TASK DETAILS – Leave out the pictures and retype, exactly, the lines below from the line with "[12 pack] Leather Patch 112 Trucker Snapback" up to and including the line with "Factory Heating System Factory Heating System", nothing more.

--------

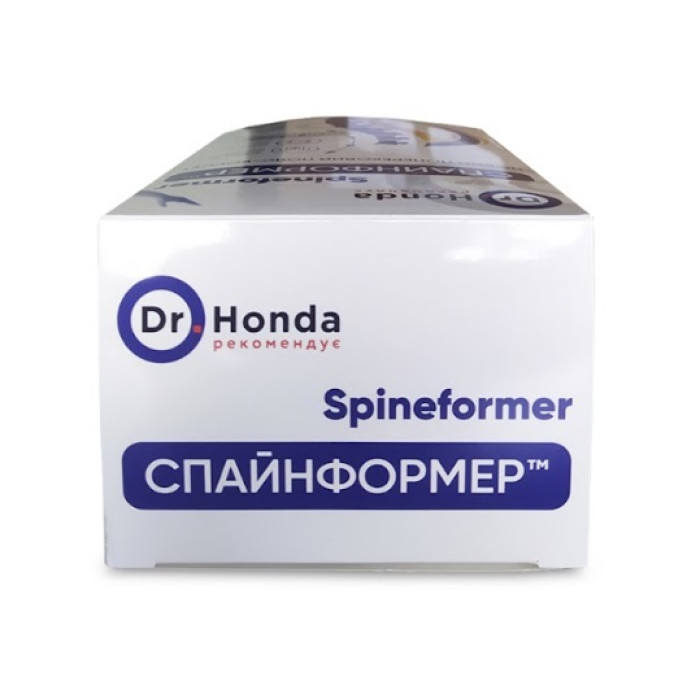 Массажный пояс-корсет для поясницы СПАЙНФОРМЕР Alkom 2047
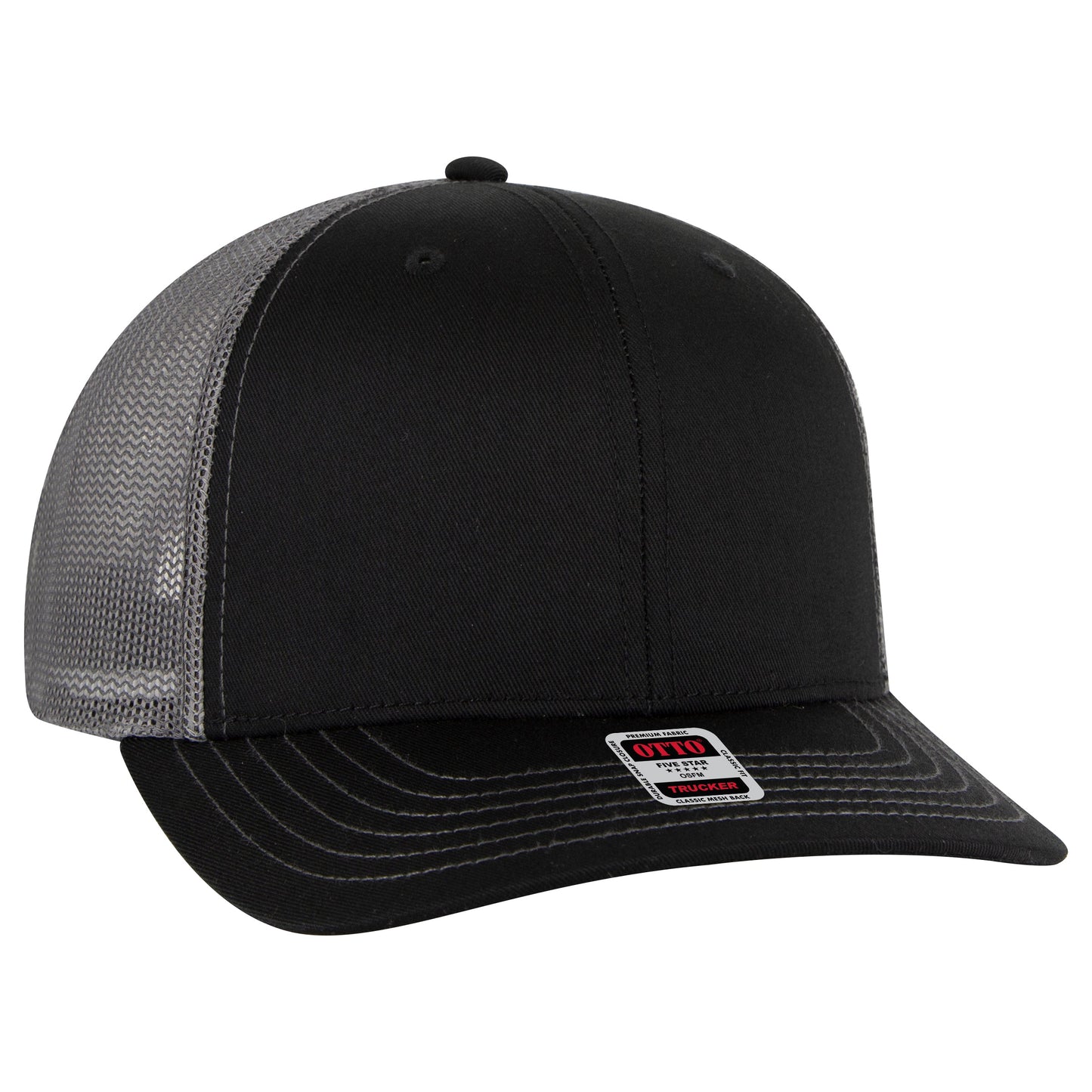 [12 pack] Leather Patch 112 Trucker Snapback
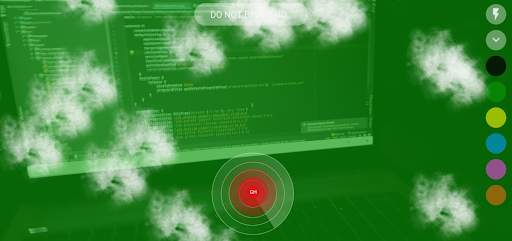 Camera Ghost Radar Simulator screenshot 2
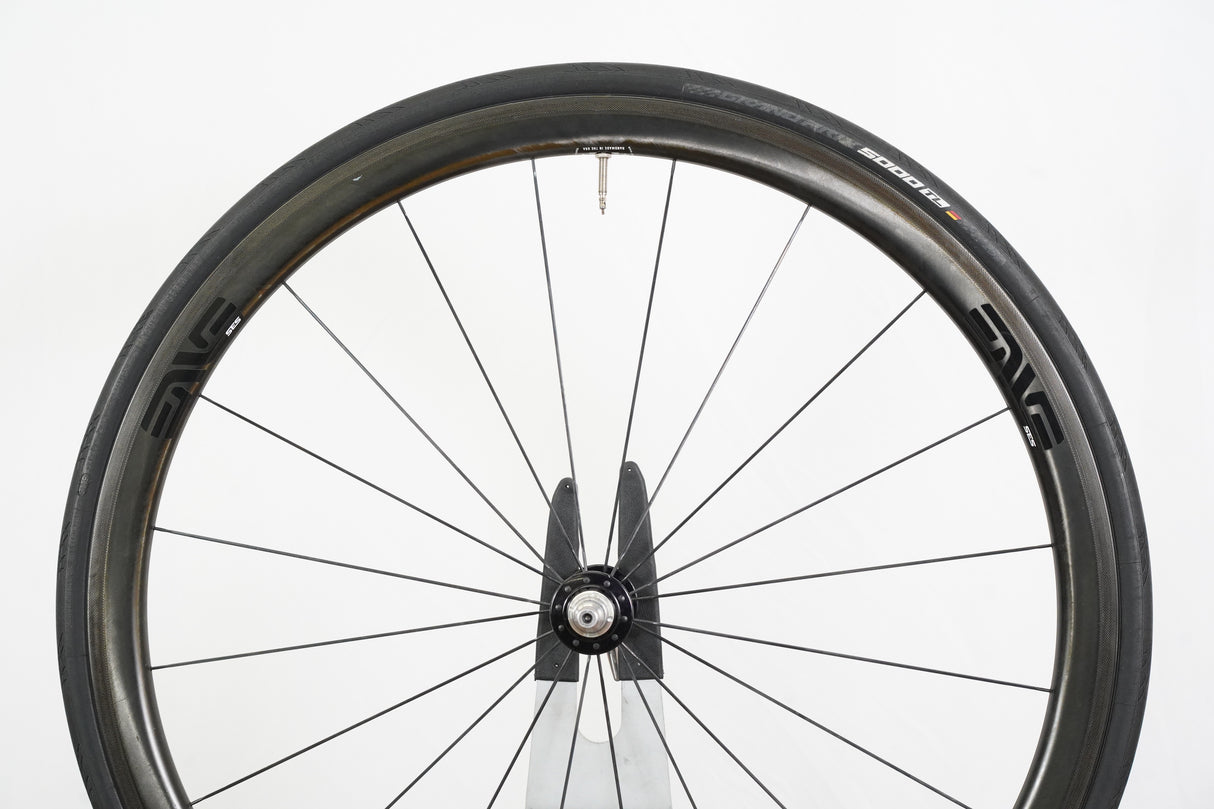 FRONT ENVE SES 3.4 Gen 3 Chris King R45 Carbon Clincher Rim Brake Wheel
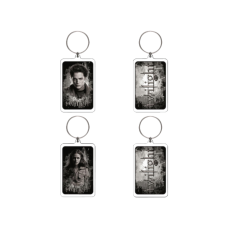 Twilight - Lucite Keychain A&B Edward & Bella BTS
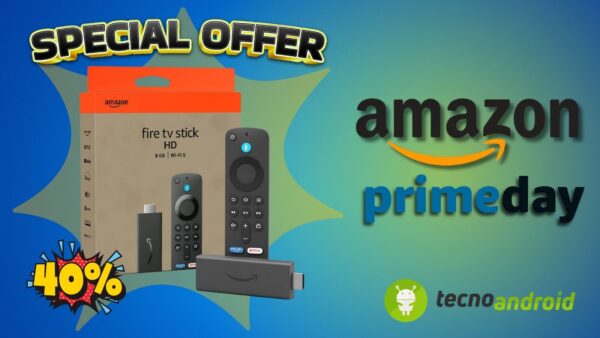 Amazon Prime Day: Fire TV Stick HD ad un prezzo ESPLOSIVO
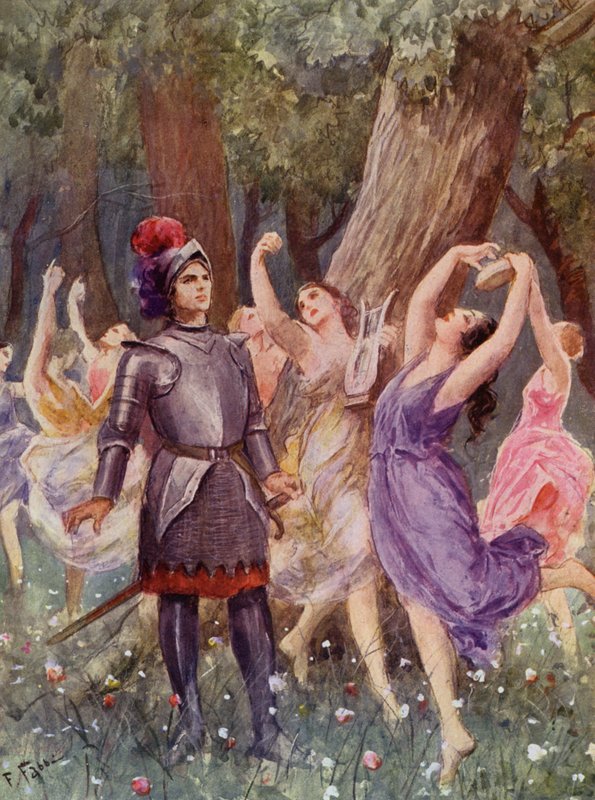 La Gerusalemme Liberata by Torquato Tasso: Canto XVIII, stanza 28 by Fabio Fabbi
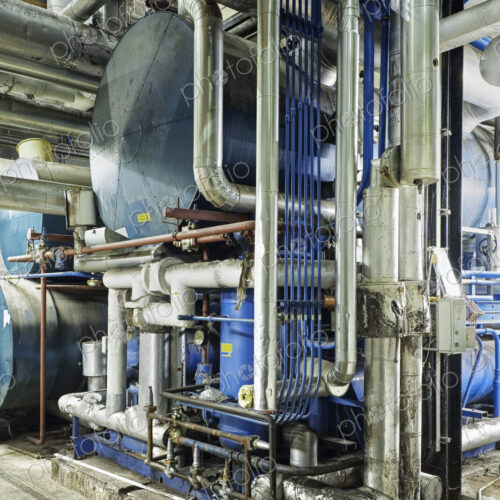Factory Heating System Factory Heating System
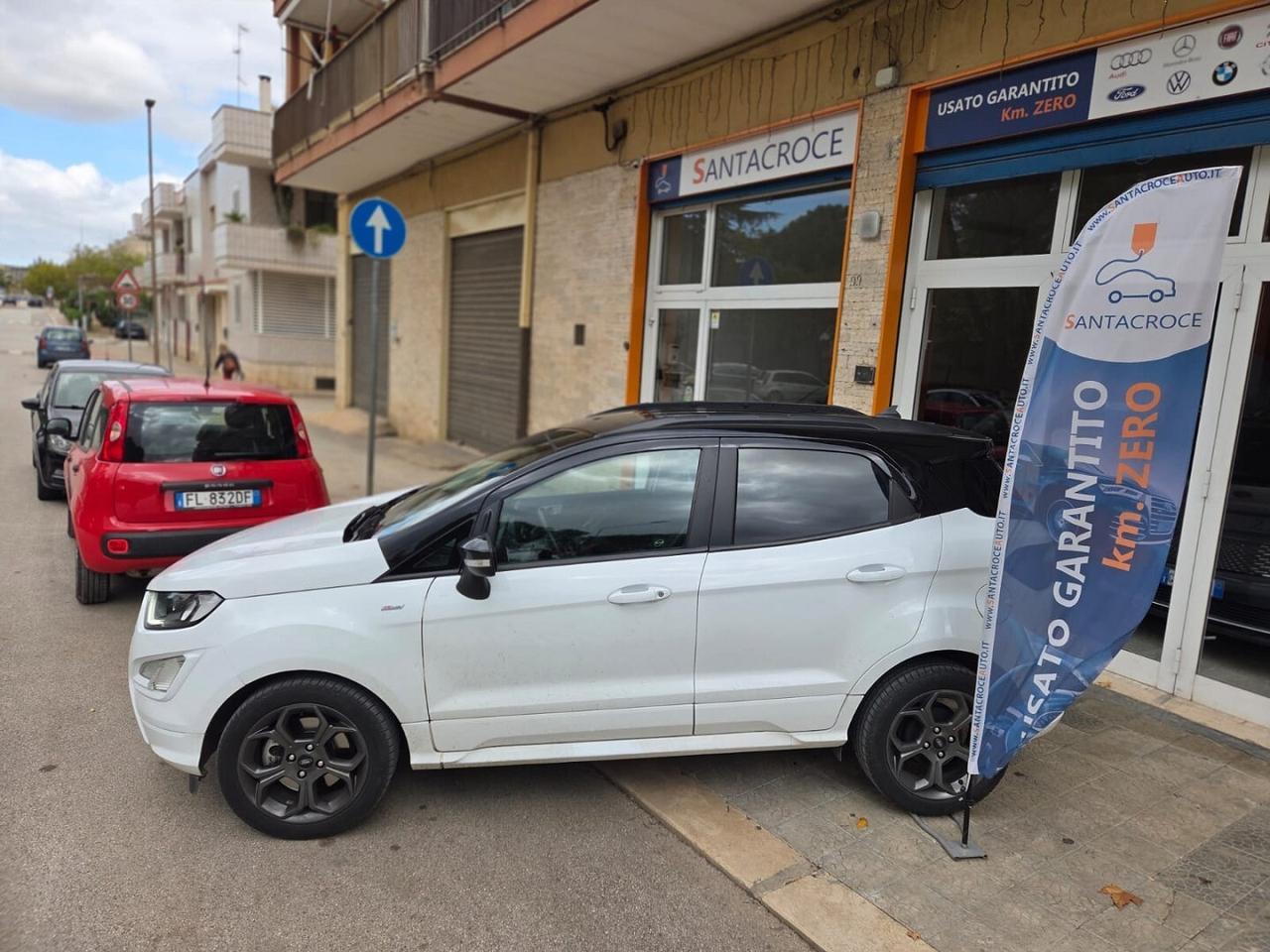 FORD ECOSPORT 1.5 ECOBLUE 95 CV ST - LINE *2021*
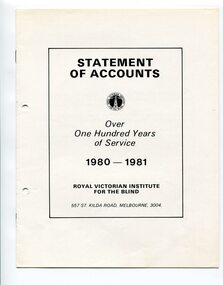 Front page of black writing on white background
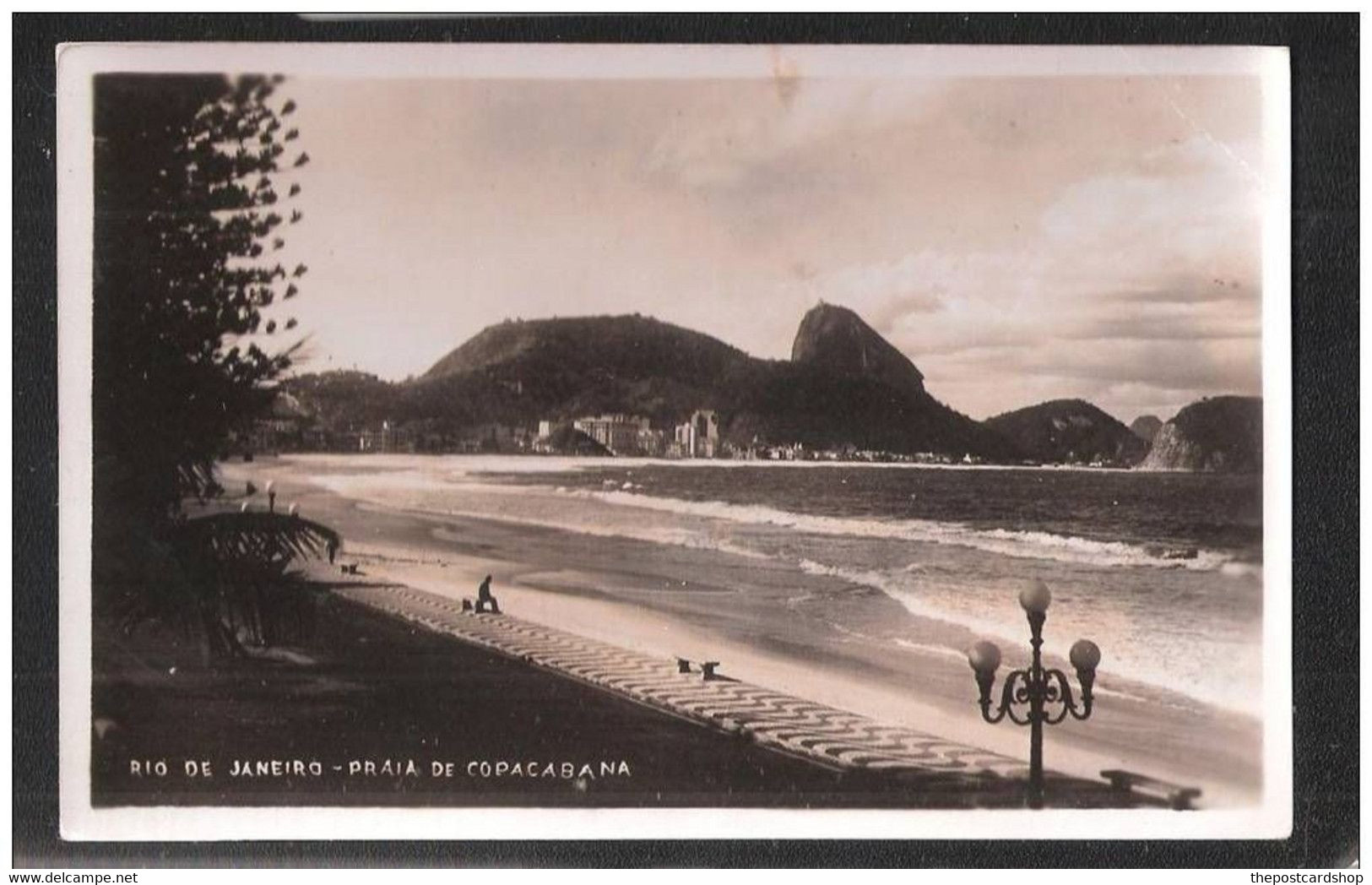 Brésil Brazil BRESIL Rio De JANIERO PRAIA DE COPACABANA UNUSED - Rio De Janeiro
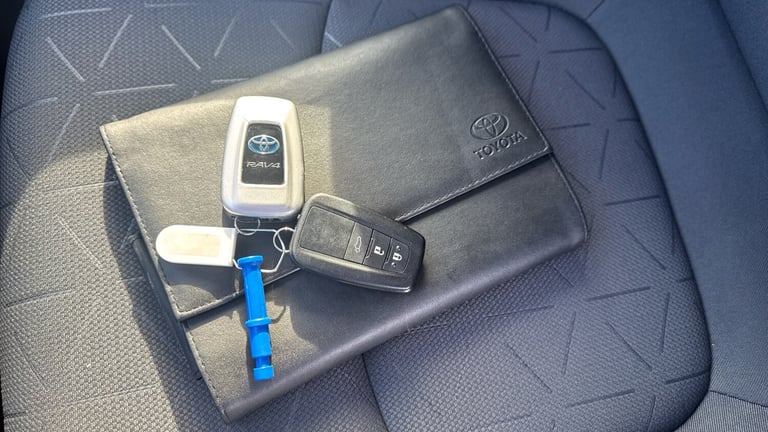 2021 Toyota RAV4 2.5 VVT-i Hybrid Design 5dr CVT 2WD Hybrid Estate Estate Hybrid Automatic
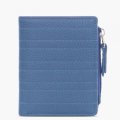 Ri-158KW Кошелек женский Синий (Синий/натуральная кожа/Richet)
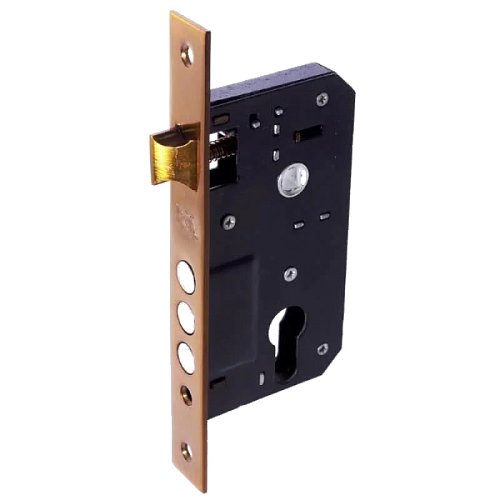 Механізм замка RDA 1025-62 (BS40*62мм) AB антична бронза - Фото №1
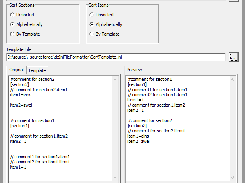 dzIniFileFormatter Screenshot 1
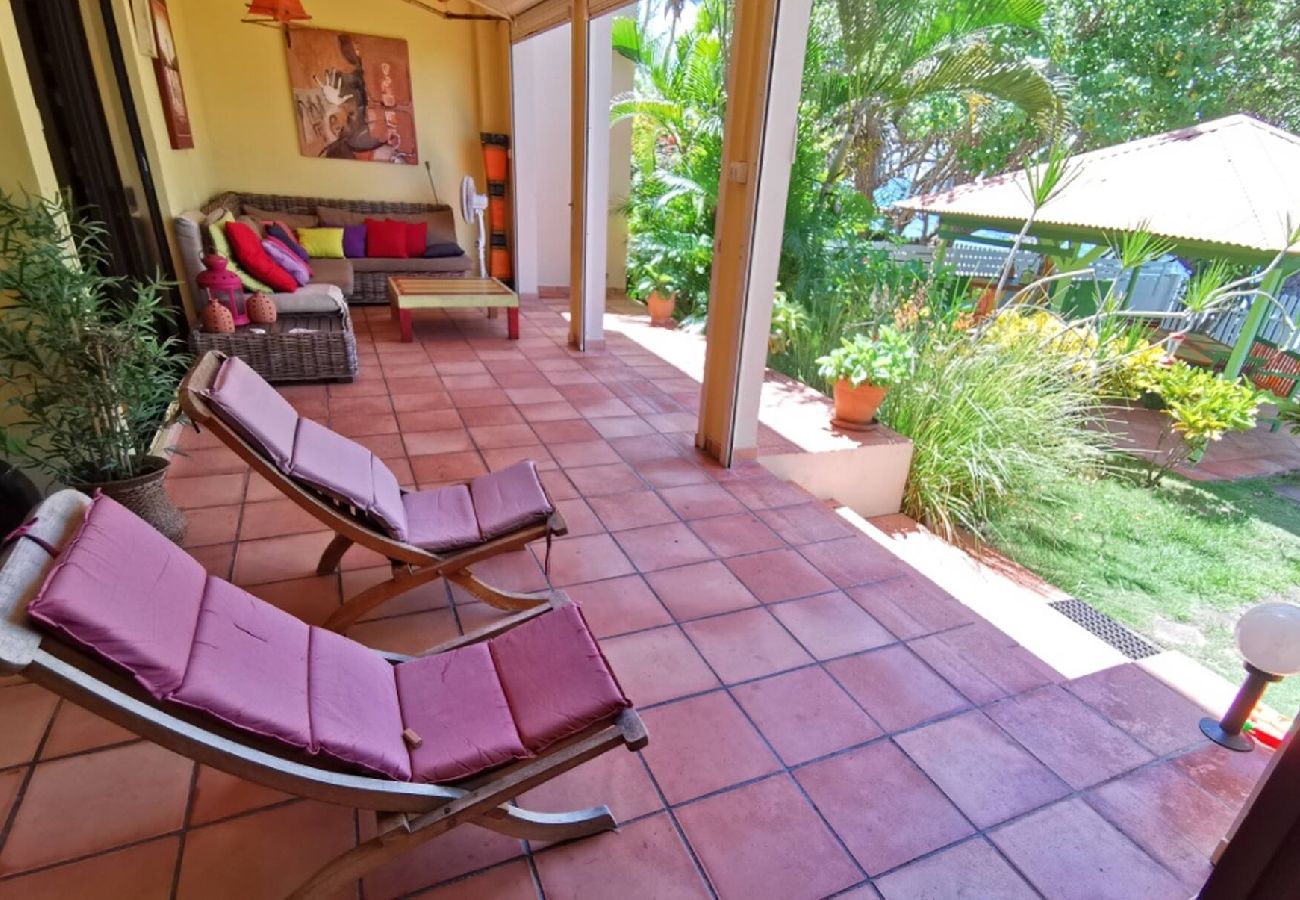 Villa in Le Diamant - Villa au Diamant Ref M133 5 ch jardin face mer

--------

ANSWER –
 [12 pack] Leather Patch 112 Trucker Snapback
 Camera Ghost Radar Simulator screenshot 2
 FRONT ENVE SES 3.4 Gen 3 Chris King R45 Carbon Clincher Rim Brake Wheel
 Twilight - Lucite Keychain A&B Edward & Bella BTS
 Amazon Prime Day: Fire TV Stick HD ad un prezzo ESPLOSIVO
 La Gerusalemme Liberata by Torquato Tasso: Canto XVIII, stanza 28 by Fabio Fabbi
Factory Heating System Factory Heating System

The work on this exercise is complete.